Return nothing but the lines from the one with "Berkeley Jensen Mens" through the one with "Christmas Wonderland with Santa & Trees Card" in the data below, word for word and without pictures.

## LISTED ENTRIES
Segment Open

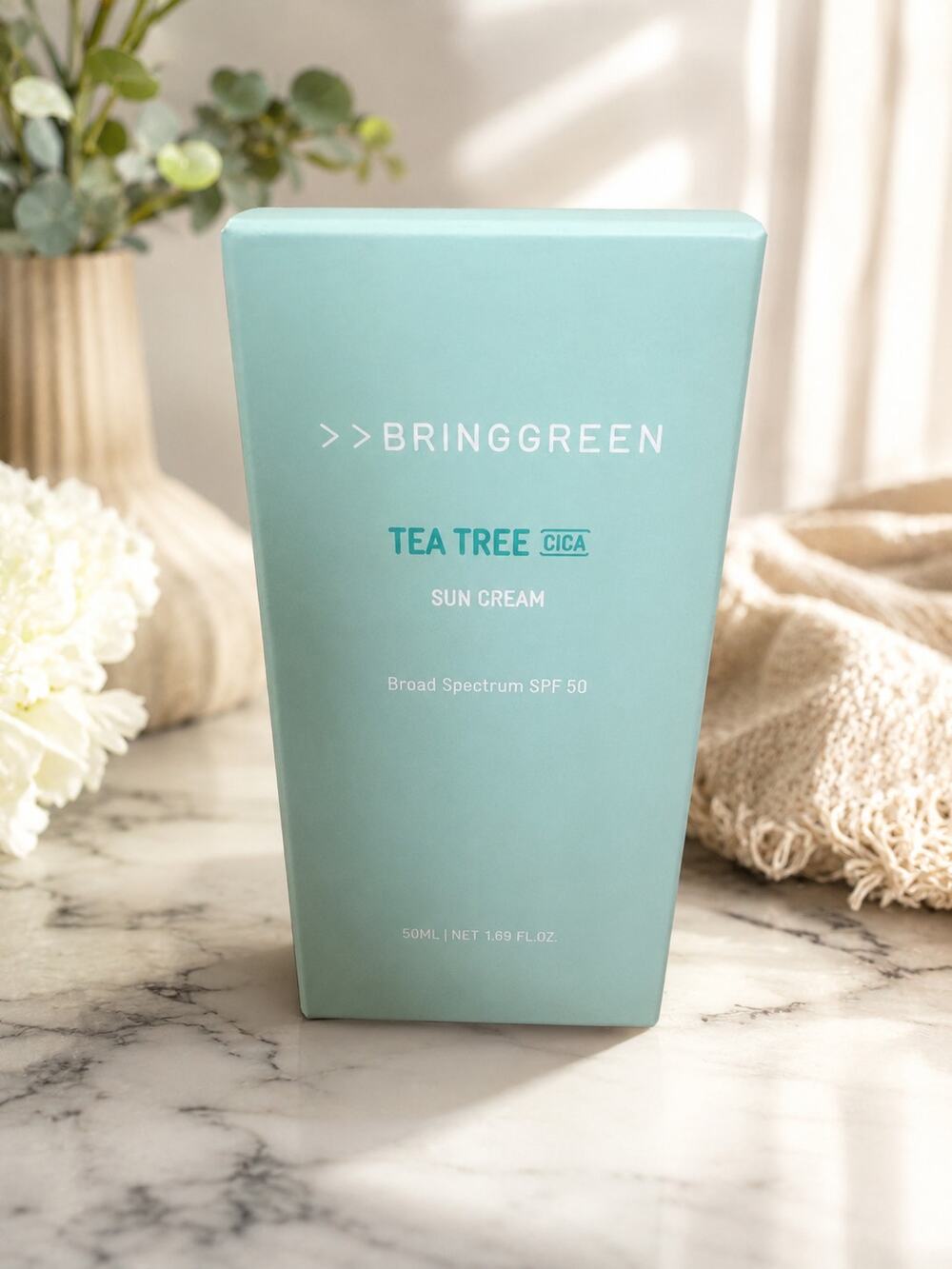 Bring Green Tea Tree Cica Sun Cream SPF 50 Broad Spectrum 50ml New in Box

Segment Closed
Segment Open

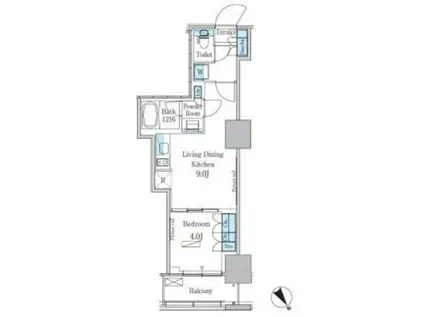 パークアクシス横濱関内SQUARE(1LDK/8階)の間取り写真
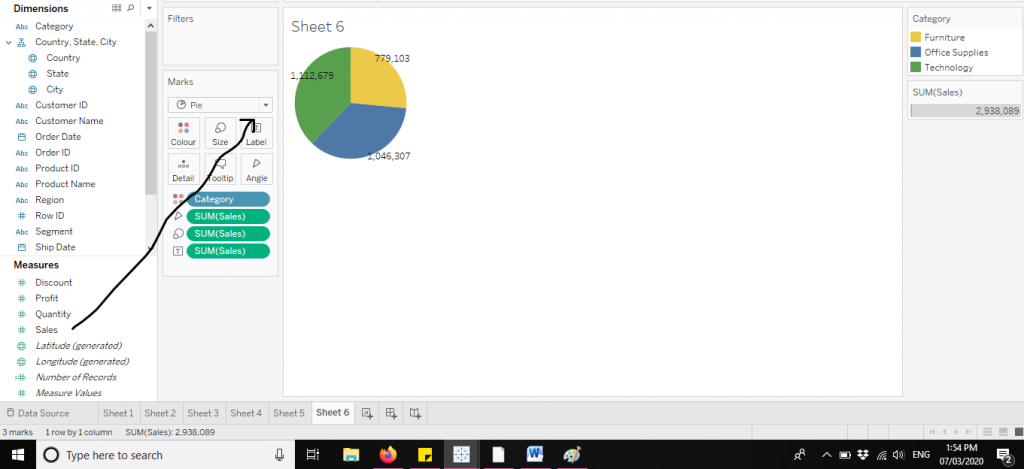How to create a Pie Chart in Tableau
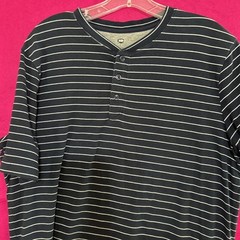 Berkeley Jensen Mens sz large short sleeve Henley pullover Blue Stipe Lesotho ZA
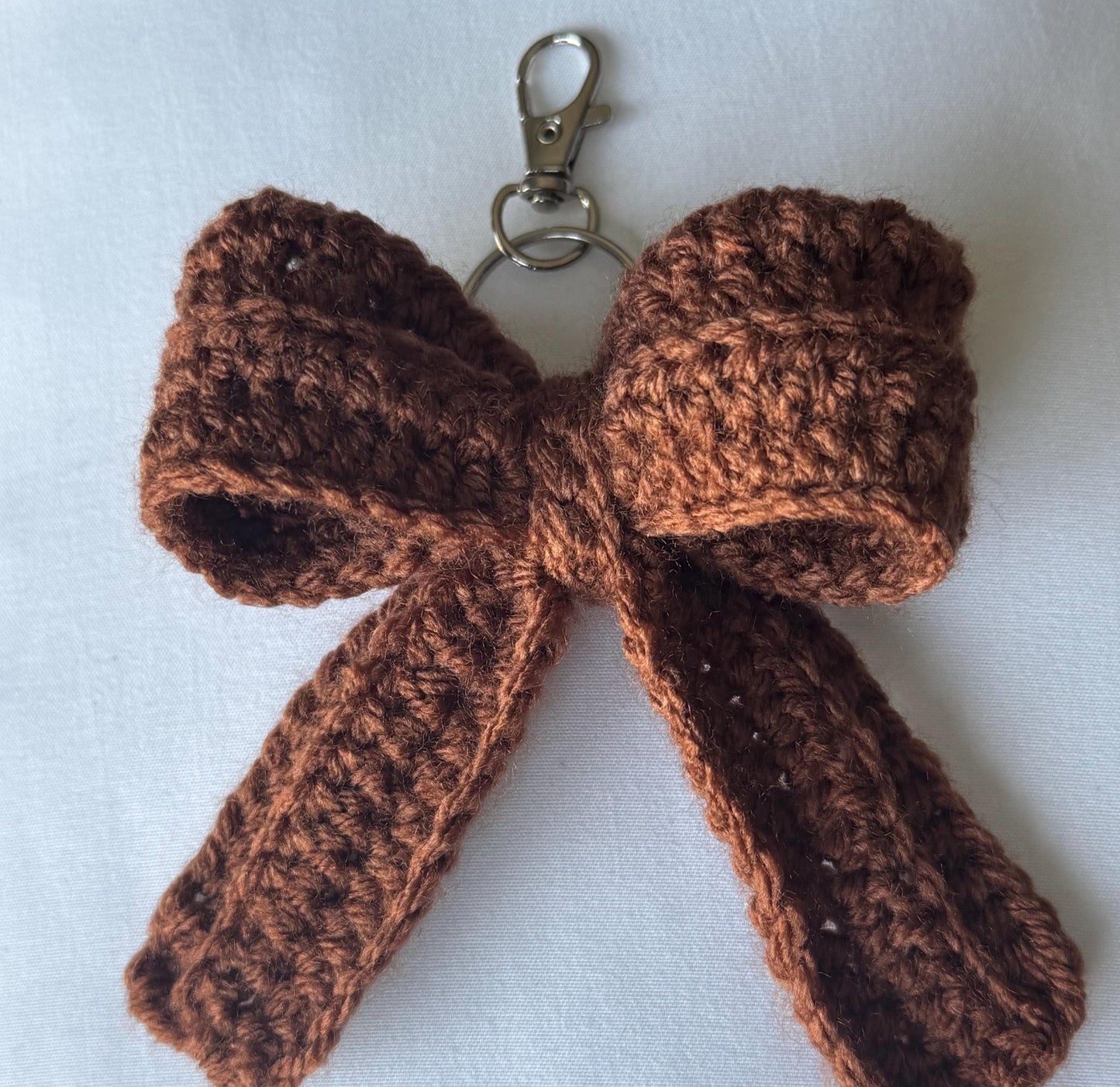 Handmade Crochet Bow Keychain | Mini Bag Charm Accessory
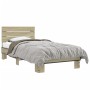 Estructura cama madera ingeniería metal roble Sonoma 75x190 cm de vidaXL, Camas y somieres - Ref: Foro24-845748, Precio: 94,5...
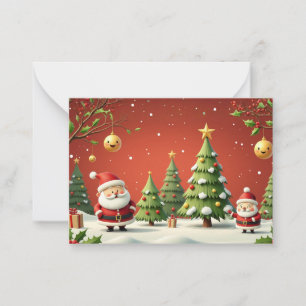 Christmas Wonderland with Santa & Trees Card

Segment Closed

## RESULT OF THIS TASK
 Berkeley Jensen Mens sz large short sleeve Henley pullover Blue Stipe Lesotho ZA
 Handmade Crochet Bow Keychain | Mini Bag Charm Accessory
 Estructura cama madera ingeniería metal roble Sonoma 75x190 cm de vidaXL, Camas y somieres - Ref: Foro24-845748, Precio: 94,5...
 Christmas Wonderland with Santa & Trees Card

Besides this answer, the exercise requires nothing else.